Traditional challah taste in a fast-bake format

Most people know challah — a Jewish egg bread — as a braided loaf. But truth is, it can take on a variety of shapes. And at Rosh Hashana it often is formed into a spiral, which is meant to symbolize the circle and continuity of the Jewish new year, which begins at sundown on Wednesday.

To make this delicious celebratory bread a little easier, we gave our version of spiral challah a boost thanks to a bit of help from baking powder. And to make it easier to shape — and faster to bake — we divided the large loaf into mini rolls shaped in muffin tins. The result tastes like challah, but looks like a beautiful popover.

If desired, you can add raisins to the spirals, then drizzle them with honey after they come out of the oven for a great breakfast.

SPEEDY CHALLAH MUFFIN SPIRALS

Start to finish: 21/2 hours (30 minutes active)

Servings: 16

2/3 cup warm water

4 whole eggs, room temperature

3 egg yolks, room temperature

1/2 cup vegetable or canola oil

2 tablespoons honey

2 teaspoons salt

2 teaspoons baking powder

2 teaspoons instant yeast

41/2 to 5 cups all-purpose flour

For the egg wash:

1 egg

1 tablespoon water

In the bowl of a stand mixer, combine the water, 4 whole eggs, 3 egg yolks, oil, honey, salt, baking powder, yeast and 41/2 cups of flour. Mix on low speed for 6 to 8 minutes, or until the dough is smooth and elastic. The dough should be very soft and slightly sticky. If it feels too sticky, add the remaining flour 2 tablespoons at a time.

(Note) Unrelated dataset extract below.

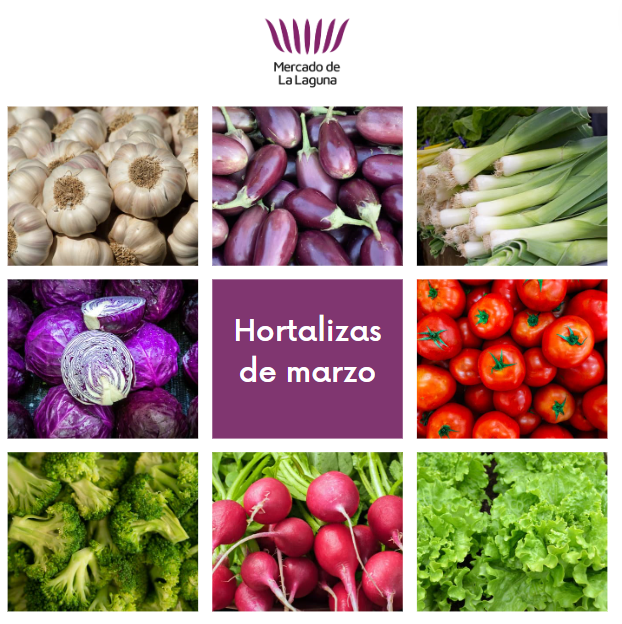 🍆Conoce las verduras de temporada para este mes y acércate al Mercado a por ellas. 

#mercadodelalaguna #consumelocal #productosdetemporada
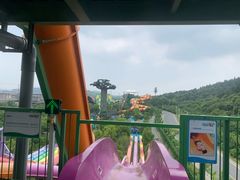 -苏州乐园森林水世界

Cover the bowl with plastic wrap and allow to rise in a warm place for 45 minutes.

Dump the dough out onto the counter and divide into 16 even pieces. Roll each piece into a 12-inch long snake.

Spray a muffin tin with cooking spray. Spiral 1 dough snake into each muffin cup. Cover the muffin tin loosely with plastic wrap and allow to rise again in a warm place for another 45 minutes, or until puffy.